In a subsequent study, Da Conceicao et al. [8] investigated the feasibility of ppNIMV-assisted FBO in a 10 COPD patients admitted to ICU for pneumonia with hypoxemic-hypercapnic ARF (PaO₂ = 53 ± 13 mmHg; PaCO₂=67 ± 11 mmHg). During FBO with ppNIMV, SpO₂ increased from 91 ± 4.7 % at baseline to 97 ± 1.7 %.9. There were no changes in PaCO₂ and PaO₂ during the hour following the end of procedure. FBO under NIPPV was performed without complications and was well tolerated in 8 patients. No patient required ETI within 24 h, and all patients survived.
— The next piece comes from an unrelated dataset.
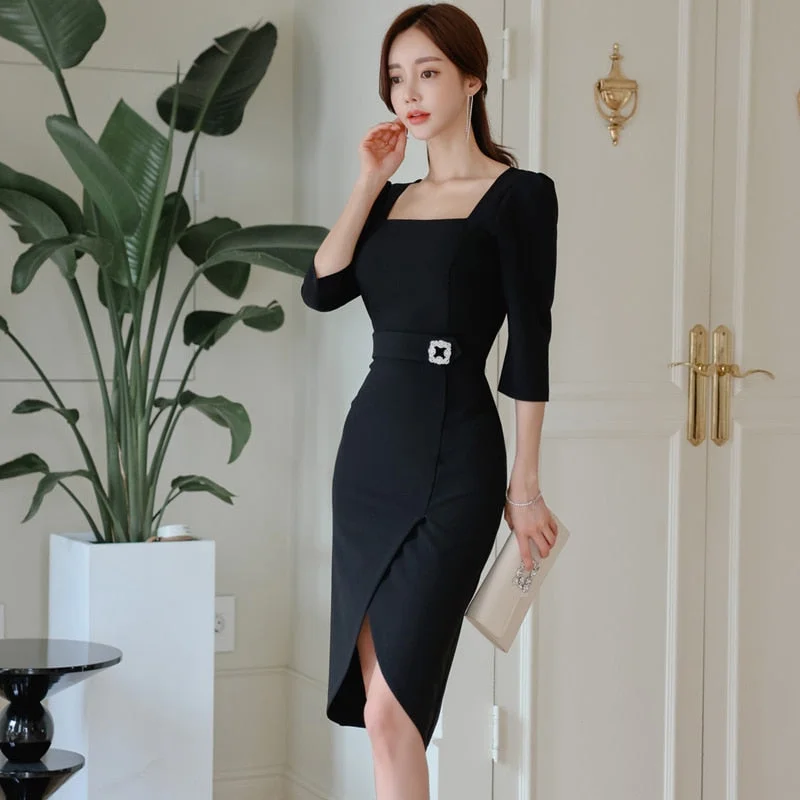 Office Elegant Sexy Bodycon Pencil Dress Women Slim With Belt Vestidos Korean Wrap Hip Knee-Length Casual Work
In the first randomized controlled trial (RCT), conducted on 30 patients with PaO₂ ≤ 125 mmHg despite high-flow oxygen mask (i.e., 10 l/min) requiring diagnostic FBO, Maitre et al. [9] showed significantly higher SpO₂ values during FBO and 30 min thereafter with CPAP, compared with oxygen-therapy, using a new device open to the atmosphere (CPAP Boussignac). Not only did the patients in the oxygen group develop hypoxemia during FBO, but 5 patients in the oxygen group (compared with none in the CPAP group) also required ventilatory assistance (1 ppNIMV and 4 CMV) within 6 h following the procedure (p = 0.003). A causative infectious agent was identified in 14 cases, with two diagnoses of carcinomatous lymphangitis (one by BAL and one by bronchial biopsy); fat embolism and drug-induced hypersensitivity pneumonia were diagnosed in 2 patients.
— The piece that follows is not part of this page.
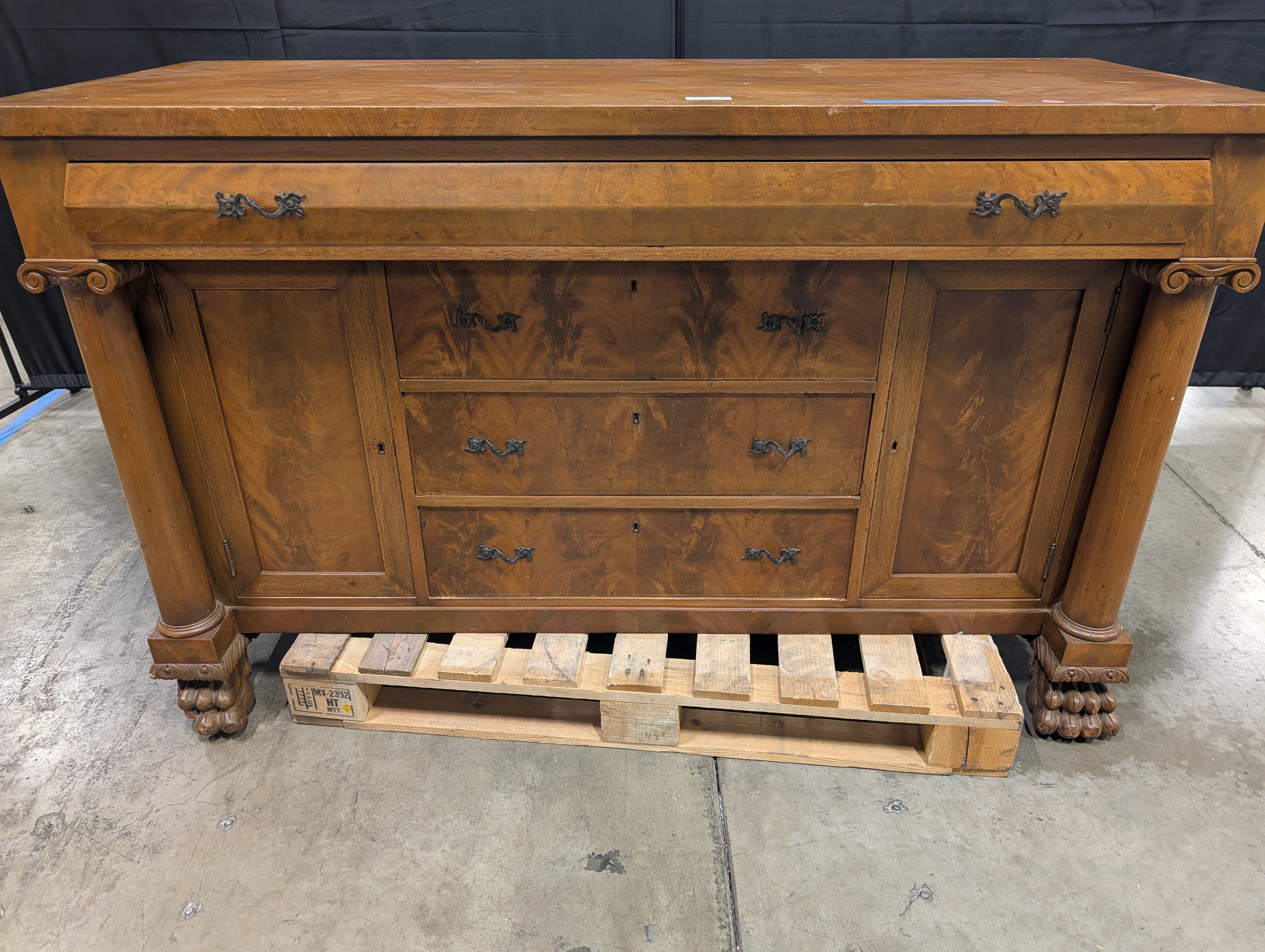 Vintage Wood Sideboard with Ornate Hardware and Fluted Columns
Subsequently, in another RCT involving 26 patients with nosocomial pneumonia and PaO₂/FiO₂ ≤ 200 mmHg, Antonelli et al. [10] evaluated the effectiveness and safety of ppNIMV versus conventional oxygen supplementation before, during, and after diagnostic FBO. Application of ppNIMV was associated with increase in PaO₂/FiO₂ by 82 %, in contrast to a decline in PaO₂/FiO₂ of 10 % in the oxygen group during FBO. Furthermore, in the ppNIMV group, PaO₂/FiO₂ remained higher, heart rate was lower, and there was no reduction in mean arterial pressure in comparison with a 15 % decrease from the baseline in the control group 60 min after FBO. Eighteen patients had significant growth of a pathogen found in BAL fluid. One patient in the ppNIMV group and 2 patients in the control group required non emergency ETI. Four patients in the ppNIMV group and 7 patients in the oxygen group died from complications of their underlying disease 5–7 days after study entry. The same group also found the helmet for delivering NIMV to be safe in avoiding gas exchange deterioration in 4 hypoxemic patients [11].

Chiner et al. [12] evaluated nasal mask for delivering ppNIMV while the FBO was performed orally using a bite block sealed with an elastic glove finger in 35 patients with a mean PaO₂/FiO₂ of 168. A total of 35 bronchoaspirates, 21 PSB, 11 BAL, and 8 bronchial biopsies were performed. In contrast to other studies, patients developed hypoxemia during the procedure, with SpO₂ decreasing to 86 % during FBO, probably as a result of excessive mouth-air leaks during nasal NIMV. The clinical course was favorable in 66 %; there was a relatively high rate of need of CMV (11 % of the cases occurring 5 ± 4 days after FBO) and in-hospital mortality (33 % of the cases occurring 3 ± 2 days after FBO), mainly correlated with the underlying disease.

Heunks et al. [13] reported the use of a novel total face mask for delivering NIMV during diagnostic FBO in 12 hypoxemic patients (mean PaO₂/FiO₂ = 192 ± 23). The procedure was successful in all patients; in only 1 patient SpO₂ decreased to 86 % during FBO. A microbiological diagnosis was established in 8 of 12 patients.